Una madrugada cualquiera, Venecia se sorprende al notar que ha perdido el asco a limpiar secreciones. Solo entonces cae en cuenta de que en su vida se ha hecho demasiado tarde. Con el trapo aferrado en el puño, se revela ante ella la inminencia de la condena a envejecer y podrirse en ese hotel malamuertero que es, después de todo, lo más parecido a un hogar que ha encontrado en dos décadas de exilio bajacaliforniano.
La gente va a los hoteles de paso a secretar, a derramarse y dejar en las sábanas la marca de sus fluidos. Todo cuerpo humano es un recipiente: de mierda, de sangre, de sudor, de saliva, de semen, de vómitos. Las sábanas que debe limpiar Venecia todos los días de su vida son el resumidero a donde va a parar una catarata de inmundicia.

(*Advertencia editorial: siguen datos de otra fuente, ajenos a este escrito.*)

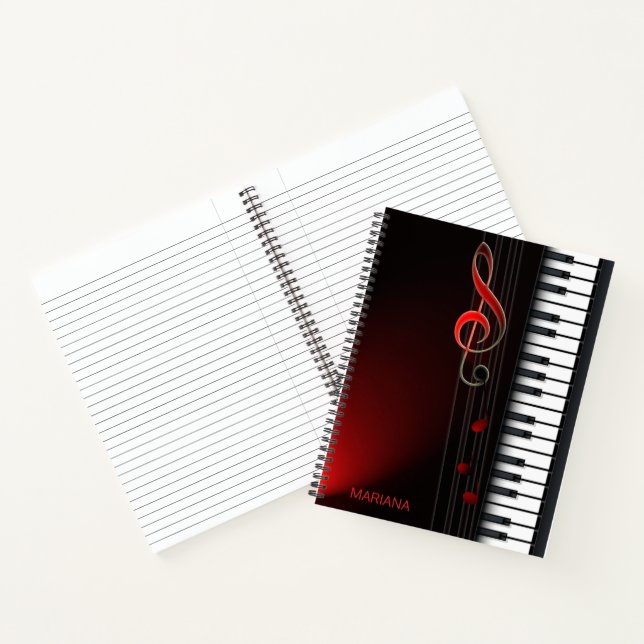 Abstraktes schwarzes Piano und Clef Notizbuch (Innenseite)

Los primeros días pensó que la repugnancia sería más fuerte. Todos los derrames posibles parecen caber en media hora de sexo furtivo. No solo es el semen pringoso entre las sábanas y las huellas de sangre menstrual, sino los sellos marrones de culos mal limpiados y los vómitos de licor barato brillado amarillentos sobre la raída alfombra. Son las colillas agujerando la colcha, las jeringas oxidadas, los focos quemados en delirio cristalero y la peste a acetona.

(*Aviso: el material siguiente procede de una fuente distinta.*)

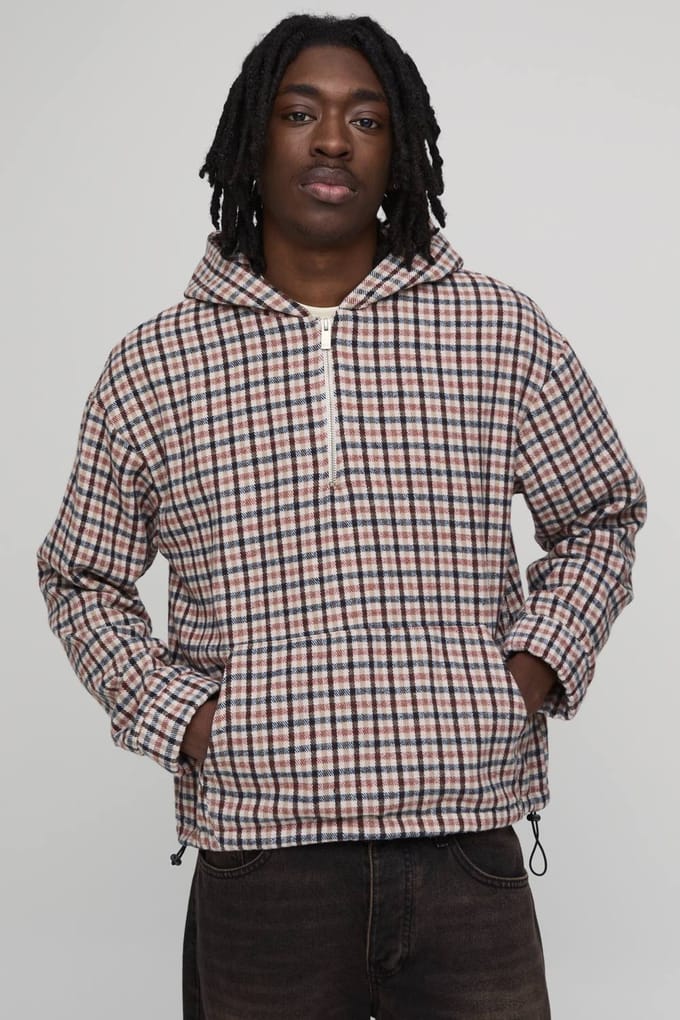 Oversized Check Quarter Over The Head Over Shirt | Ecru | Size Large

Al Hotel Bermejillo se va a coger, a drogarse o a morir; o a hacer las tres cosas a la vez: primero drogarse, después coger y al final morir; o drogarse y coger; o drogarse y morirse; o a chaquetearse antes del solitario adiós. Todas las posibilidades caben dentro de los cuartos que limpia Venecia, aunque desde un tiempo para acá, son cada vez más frecuentes los que solo vienen a morirse.